This fact sheet is part of a wide range of technical services provided by Bond Partners LLP.
Mike Marcus, the Technical Partner, can be contacted on 0870 850 6007 or mdm@bondpartners.co.uk if you have any queries on any of the topics covered or for a range of technical services.

Applying Companies Act 2006 to LLPs

The application of the Companies Act 2006 to LLPs is being brought into force as follows:

  • Penalties for late filing of accounts from 1 February 2009
  • Reduction in filing deadlines to 9  months for accounting periods beginning on or after 6 April 2008
  • Other accounting and auditing provisions for accounting periods beginning on or after 1 October 2008
  • Remaining provisions on 1 October 2009

Draft Limited Liability Partnerships (Application of Companies Act 2006) Regulations 2009 have been issued. The main areas of difference from the existing law are:

  • Breaches in 2 member rule. Section 24 of the Companies Act 1985 was not included in the Companies Act 2006. The Regulations now contain this section which restores the status quo that, if an LLP only has a single member for more than 6 months, the single member becomes jointly and severally liable with the LLP for any debts contracted after 6 months of there only being a single member.

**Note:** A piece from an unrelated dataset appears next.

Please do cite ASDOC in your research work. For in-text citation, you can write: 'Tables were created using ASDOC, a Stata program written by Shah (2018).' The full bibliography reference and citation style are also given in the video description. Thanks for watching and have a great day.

When the Regulations come into force the Secretary of State is given the power under Section 156 of the 2006 Act to require the LLP to add a member to comply with the minimum requirement and to take other steps to rectify the position. Currently the only option available to enforce the 2 member rule is for the LLP to be struck off the Register, which was not in the best interests of other parties dealing with the LLP.

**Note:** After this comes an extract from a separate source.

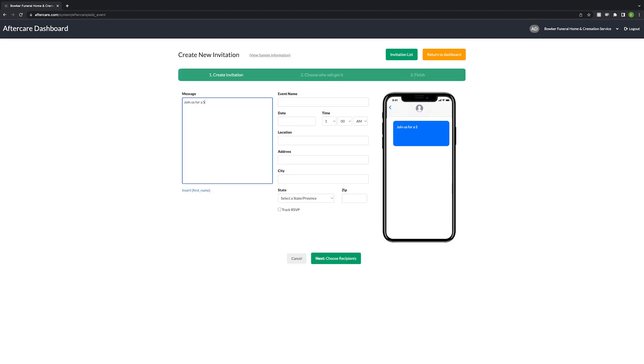Now you can type in the text for your invitation and add in information like the event name, date, time, and address.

In practice, if there is only a single member, the position can be remedied by the single member forming a limited company and appointing that company as a member of the LLP.

  • Signing Agreements and Deeds. The Regulations will bring LLPs in line with limited companies and allow an LLP to execute a document by:
  • affixing its common seal (if it has one - there is no requirement for an LLP to have one); or
  • signing by 2 members; or
  • signing by 1 member in the presence of a witness.
  • Names of LLPs and Members details. When the Regulations come into force there will be a new requirement for an LLP to keep a Register of Members (under SS162-165 of the 2006 Act). The Register must give a service address for a Member and specify who is a Designated Member. The Registrar of Companies must be notified where the Register is kept if not at the Registered Office. Members may view the Register free of charge and third parties may view it on payment of a fee. The same rules relating to confidentiality orders for directors of limited companies in specific circumstances will apply to members of an LLP.
  • Trading Disclosures. The Regulations will require LLPs to comply with the same regulations as companies as regards display of name on documents and at specified locations.
  • Electronic Communication with Members. The Regulations will introduce the rules relating to electronic communication with shareholders to an LLP’s communication with its members. Therefore an LLP will be able to send information to members in electronic form rather than hard copy where those members agree.

Late Filing Penalties

From 1 February 2009 the penalty for late delivery of accounts to the Registrar of Companies is increased to the following (regardless of whether the accounts were prepared under the 1985 Act or 2006 Act), and apply to Limited Companies and LLPs.

 

Lateness of Delivery

                        Penalty

  PLC Private Co/LLP

Not more than 1 month

£750 £150

More than 1 month but not more than 3 months

£1,500 £375

More than 3 months but not more than 6 months

£3,000 £750
More than 6 months £7,500 £1,500

For companies which file 2 consecutive sets of accounts late under the 2006 Act (i.e. for accounting periods beginning on or after 6 April 2008), the penalties are doubled.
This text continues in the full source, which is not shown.